=== THE RECORDS ===

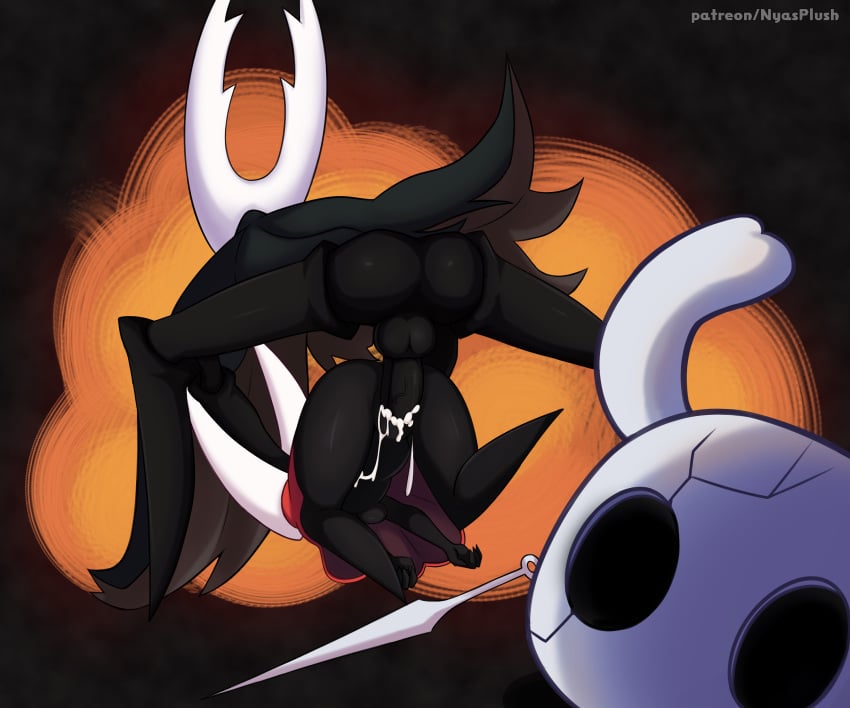 cum_in_pussy hi_res hollow_knight hollow_knight_(character) hornet_(hollow_knight) nyasplush the_knight_(hollow_knight) vaginal_penetration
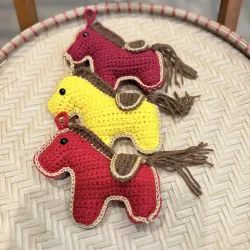 Đồ trang trí Tết Bính Ngọ 2026 con ngựa làm thủ công bằng len, búp bê ngựa bằng len 756055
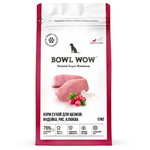 Bowl wow корм сухой для щенков средних пород с индейкой, рисом и клюквой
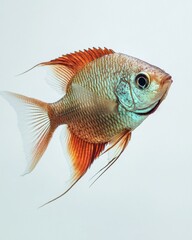 Fototapeta premium the Siamese Gourami fish, portrait view, white copy space on right, Isolated on white Background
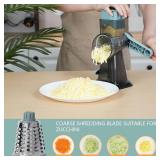Rotary Cheese Grater Multi-Purpose Stainless Steel Shredder- Cheese Grater With handle Effortless Grating of Vegetables, Nuts and Fruits,with Suction Base and Cleaning Brush (blue)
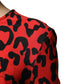 Red Leopard Print Long Sleeves Midi Dress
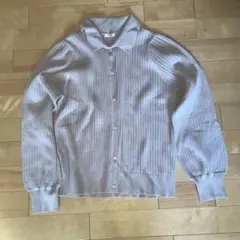 GLACIER ベージュリブ編み 襟付きポロニット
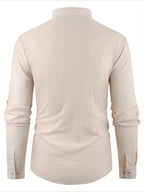 Men'S Casual Shirt Spring Summer Solid Color Dress Shirt Stand Collar Casual Lightweight Shirt Men'S Top - Khaki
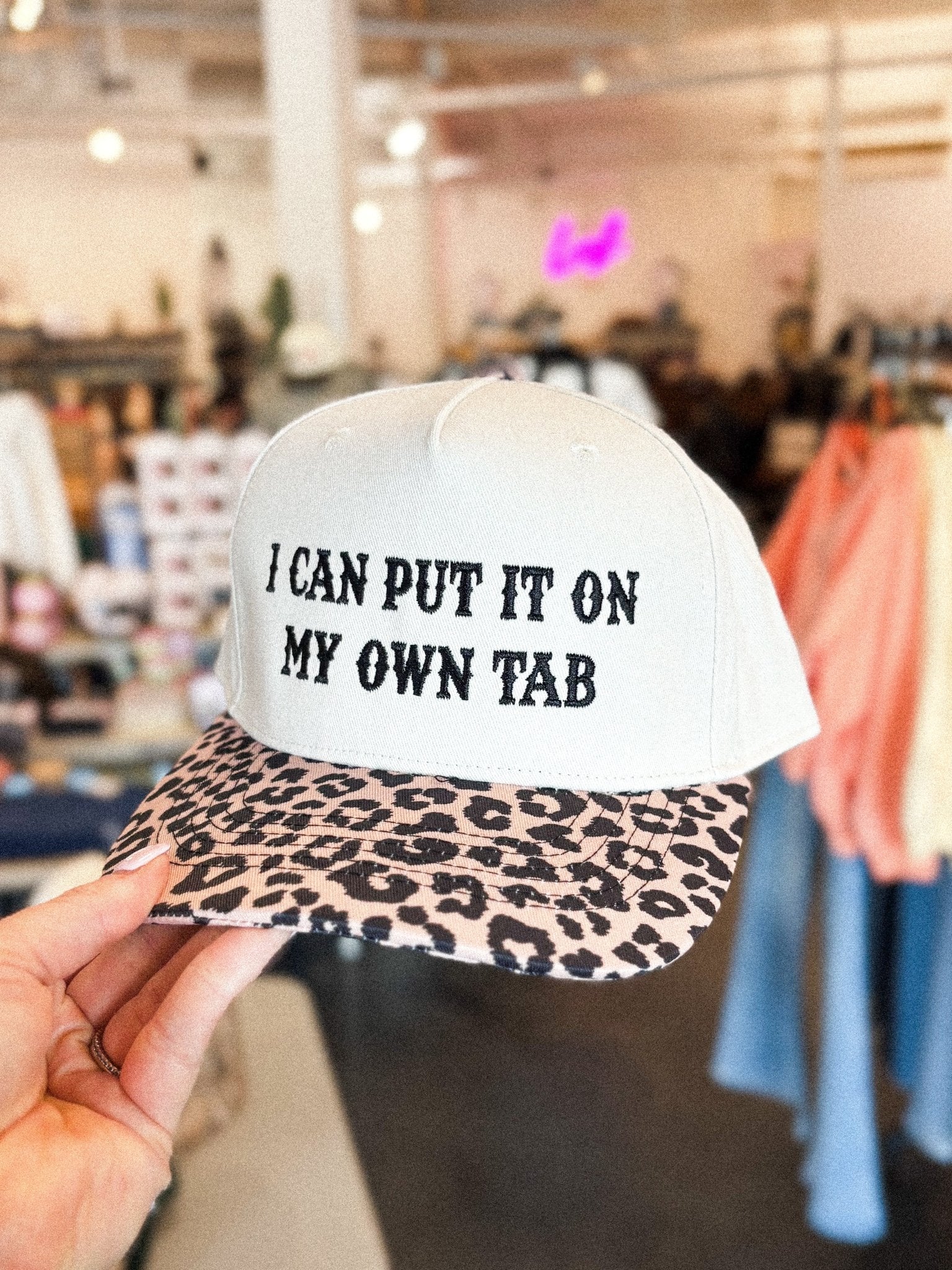 I can put it on my own tab hat natural/leopard - Trendy Gifts at Lush Fashion Lounge Boutique in Oklahoma City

===

PROMPT: The line containing "Men'S Casual Shirt" and every line after it, up to the last line of the data, should be returned exactly, without the pictures.

EXERCISE ANSWER:
 Men'S Casual Shirt Spring Summer Solid Color Dress Shirt Stand Collar Casual Lightweight Shirt Men'S Top - Khaki
 I can put it on my own tab hat natural/leopard - Trendy Gifts at Lush Fashion Lounge Boutique in Oklahoma City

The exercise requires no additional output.